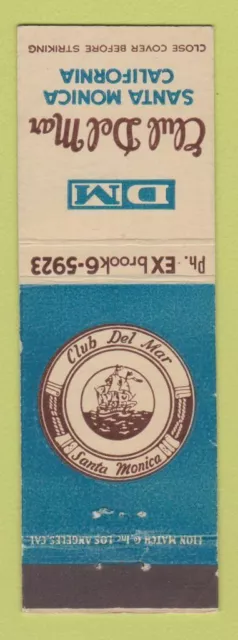 Matchbook Cover - Club Del Mar Santa Monica CA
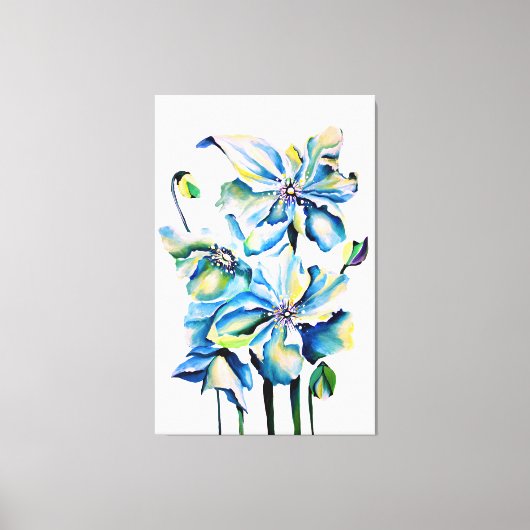 Himalayan Persian Blue Poppies Watercolor Leinwanddruck (Vorderseite)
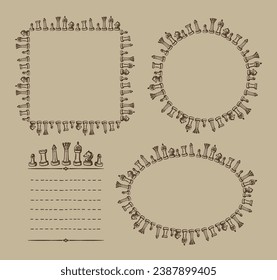 Chess frames set with chess figures and place for text, chess card templates, hand drawn vector illustration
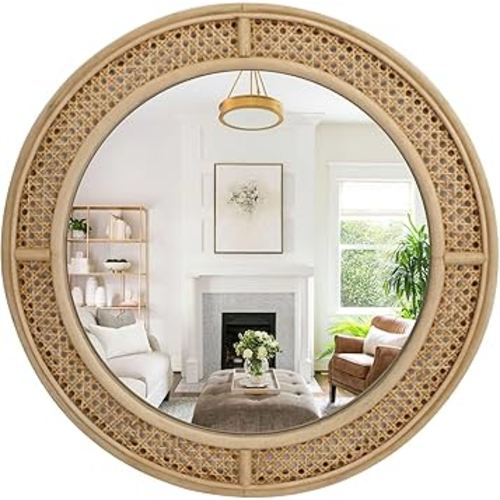 Round Rattan Wall Mirror with Wooden Framed, Modern Boho Decorative Mirror for Bathroom, Entry, Living Room, Bedroom, 24 Inch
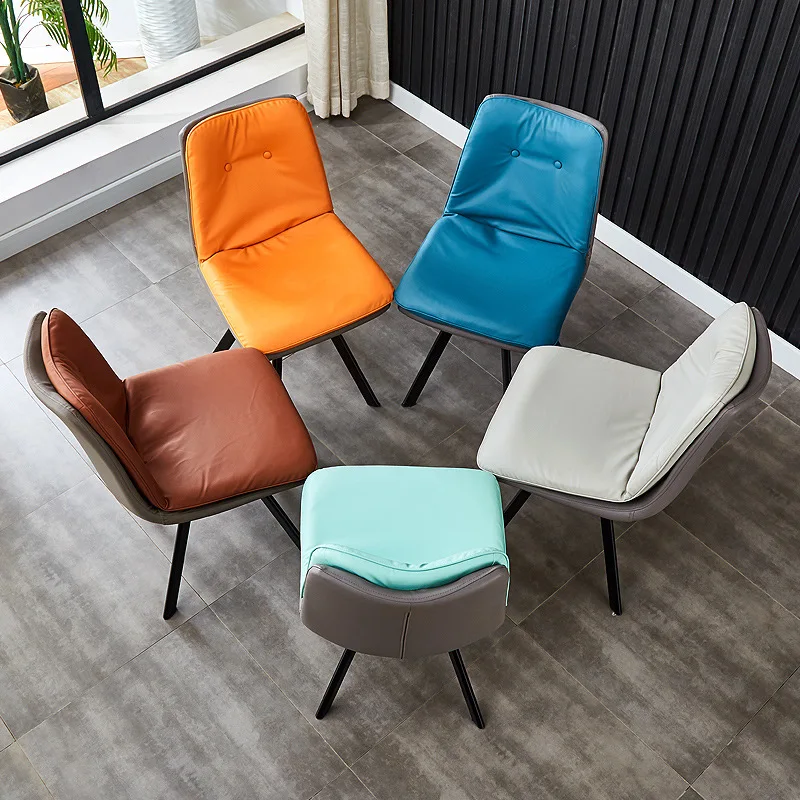 
Comfortable European Living room Furniture Lounge Modern PU Leather Upholstered Leisure chair 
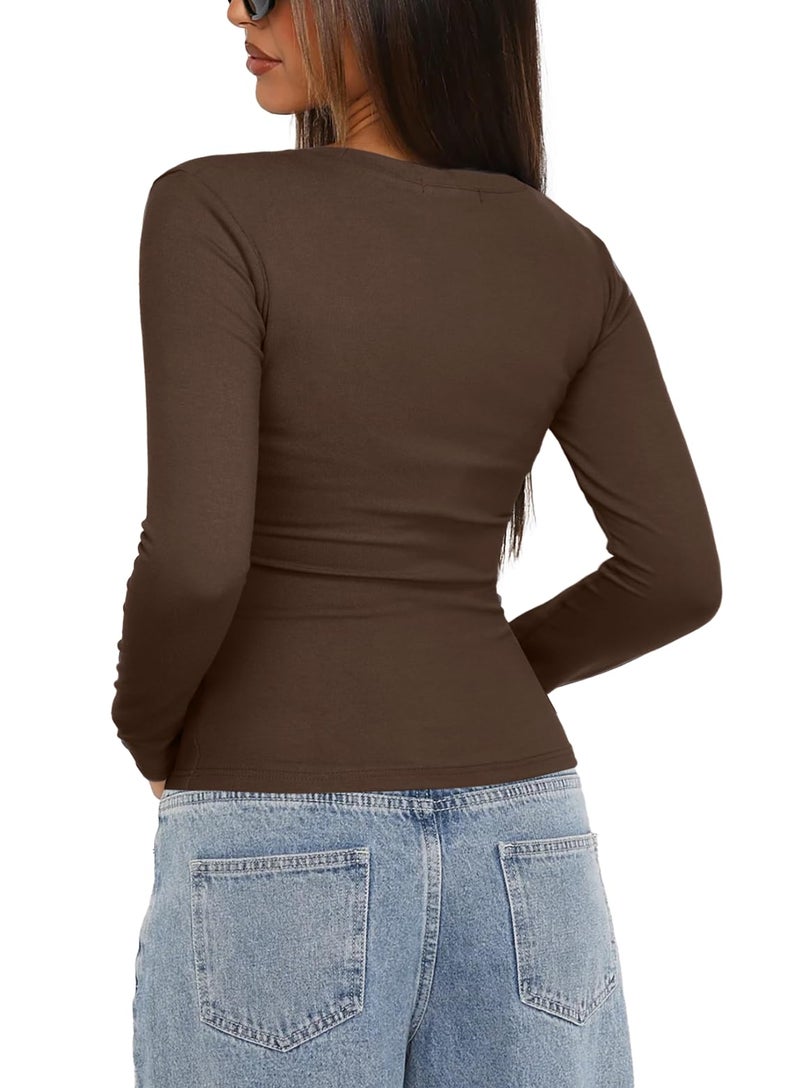 Darong Womens Basic T-Shirts Crew Neck Long Sleeve Tops Cute Fall Tops Slim Fit Tees Y2k Clothing 2025 9067 Coffee M - Image 2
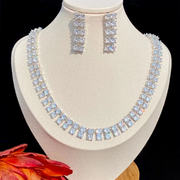 High Quality Marquise Cut Cubic Zirconia Wedding Necklace and Earrings Set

**Exercise brief**
Leaving out every picture, repeat the records above exactly as they stand.

**Exercise output**
 Matchbook Cover - Club Del Mar Santa Monica CA
 Himalayan Persian Blue Poppies Watercolor Leinwanddruck (Vorderseite)
 Chess frames set with chess figures and place for text, chess card templates, hand drawn vector illustration
 Round Rattan Wall Mirror with Wooden Framed, Modern Boho Decorative Mirror for Bathroom, Entry, Living Room, Bedroom, 24 Inch
Comfortable European Living room Furniture Lounge Modern PU Leather Upholstered Leisure chair 
 Darong Womens Basic T-Shirts Crew Neck Long Sleeve Tops Cute Fall Tops Slim Fit Tees Y2k Clothing 2025 9067 Coffee M - Image 2
 High Quality Marquise Cut Cubic Zirconia Wedding Necklace and Earrings Set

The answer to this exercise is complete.